La baisse de l’investissement des entreprises, moteur du ralentissement
Le repli du marché cadre est étroitement lié à la contraction de l’investissement des entreprises, historiquement très corrélé aux recrutements de profils qualifiés. Dans un climat d’incertitude marqué par la montée des tensions géopolitiques et commerciales comme l’augmentation récente des droits de douane américains les entreprises privilégient une posture attentiste. Résultat : les projets sont gelés ou différés, notamment ceux liés à la transformation et à l’innovation.
Tous les secteurs touchés, à des degrés divers
Aucun secteur ne semble épargné. Le ralentissement est particulièrement marqué dans les services à haute valeur ajoutée : informatique, télécoms, banque, assurance, conseil, juridique, R&D. Ces domaines, qui avaient atteint un pic de 180 000 recrutements en 2023, enregistrent une baisse de 10 % en 2024 et devraient reculer encore de 3 % en 2025.
Le secteur industriel suit une trajectoire similaire, avec une baisse de 7 % en 2024 et une nouvelle contraction de 3 % attendue. Le commerce et la construction affichent également des prévisions moroses pour 2025, avec respectivement -5 % et -7 %. Seuls les services à plus faible valeur ajoutée (santé, hôtellerie-restauration, action sociale) devraient se stabiliser, à un niveau comparable à celui de l’an passé.
L’informatique en perte de vitesse, une première depuis 2009
Phénomène marquant : les fonctions informatiques, longtemps considérées comme un moteur du marché cadre, sont en repli pour la deuxième année consécutive. Il s’agit d’une première depuis 2009 (hors crise sanitaire). Cette baisse s’explique notamment par un ralentissement des investissements technologiques et une plus grande prudence des entreprises quant à leurs projets de transformation numérique.
Jeunes diplômés et seniors, les premiers touchés
Comme lors de précédents cycles de ralentissement, les profils les plus vulnérables sont les plus durement affectés. Les jeunes diplômés, notamment, ont vu leurs embauches chuter de 19 % en 2024. Une nouvelle baisse de 16 % est attendue en 2025, faisant craindre un « effet cicatrice » durable, bien connu des économistes, qui handicape les carrières dès l’entrée sur le marché du travail.
Les cadres expérimentés ne sont pas épargnés non plus : les embauches de ceux disposant de plus de 10 ans d’expérience ont reculé de 11 %, une tendance qui pourrait s’accentuer en l’absence de mesures d’adaptation.

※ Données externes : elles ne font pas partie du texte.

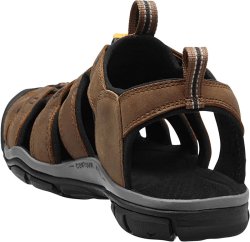 Сандалі Keen Clearwater CNX M - коричневі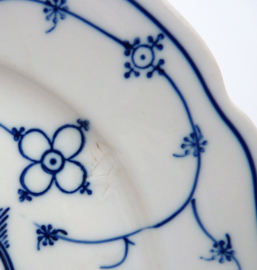 Gareis Kuehnl und Co Victorian Blue Saks plate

Des politiques RH encore peu adaptées aux seniors
L’allongement de la durée de vie professionnelle, induit par le relèvement de l’âge légal de départ à la retraite, n’a pas encore conduit à une adaptation suffisante des politiques RH. Selon l’Apec, 60 % des ETI et grandes entreprises, et 80 % des PME, n’ont toujours pas ajusté leur gestion des carrières pour les plus de 50 ans. Ce déficit d’anticipation pourrait amplifier les difficultés rencontrées par cette tranche d’âge sur le marché du travail.
Le portage salarial : une solution alternative en plein essor
Dans ce contexte tendu, de nombreux cadres débutants comme seniors se tournent vers des formes d’emploi plus souples, notamment le portage salarial. Ce statut hybride, qui combine les avantages du salariat (sécurité sociale, retraite, assurance chômage) avec l’autonomie du travail indépendant, apparaît comme une solution transitoire ou pérenne pour conserver une activité professionnelle malgré la raréfaction des contrats classiques.

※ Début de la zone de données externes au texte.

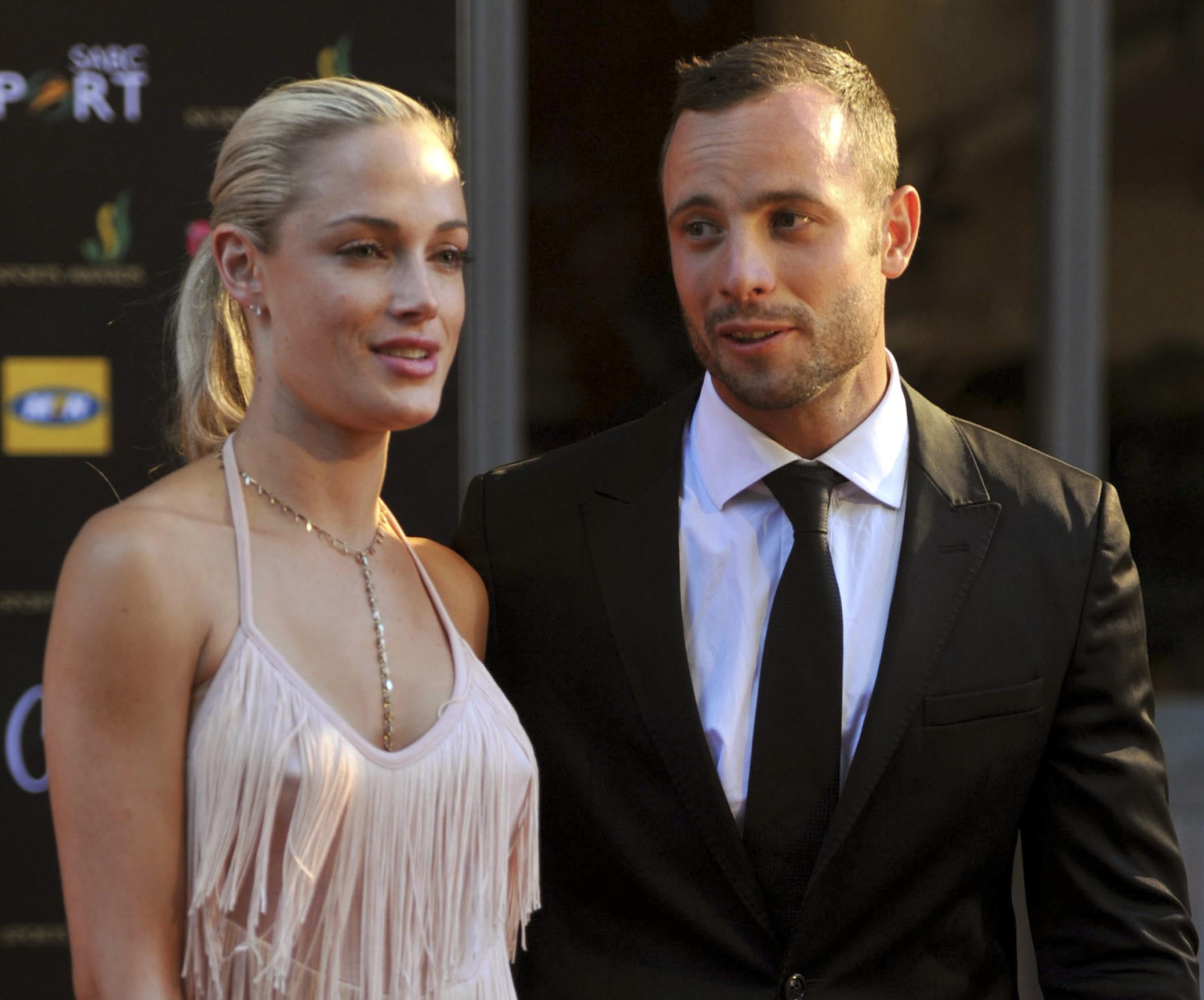 «Η Ρίβα δεν έκανε σεξ με τον Πιστόριους», λέει η μητέρα του θύματος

Côté entreprises, le portage représente également un levier de flexibilité, permettant de mobiliser des compétences expertes sans alourdir la masse salariale.
Vers une nouvelle ère de l’emploi cadre ?
Si le ralentissement devrait se poursuivre en 2025, il serait moins brutal que celui de 2024. Les chiffres restent toutefois à prendre avec précaution, car les intentions d’embauche ne se traduisent pas toujours par des recrutements effectifs.
Le marché de l’emploi cadre entre dans une phase de transition, marquée par une plus grande sélectivité et une rationalisation des besoins. Face à ce nouveau cycle, les entreprises devront repenser leur politique de gestion des talents, et les cadres, adapter leurs trajectoires avec plus d’agilité et de formation continue.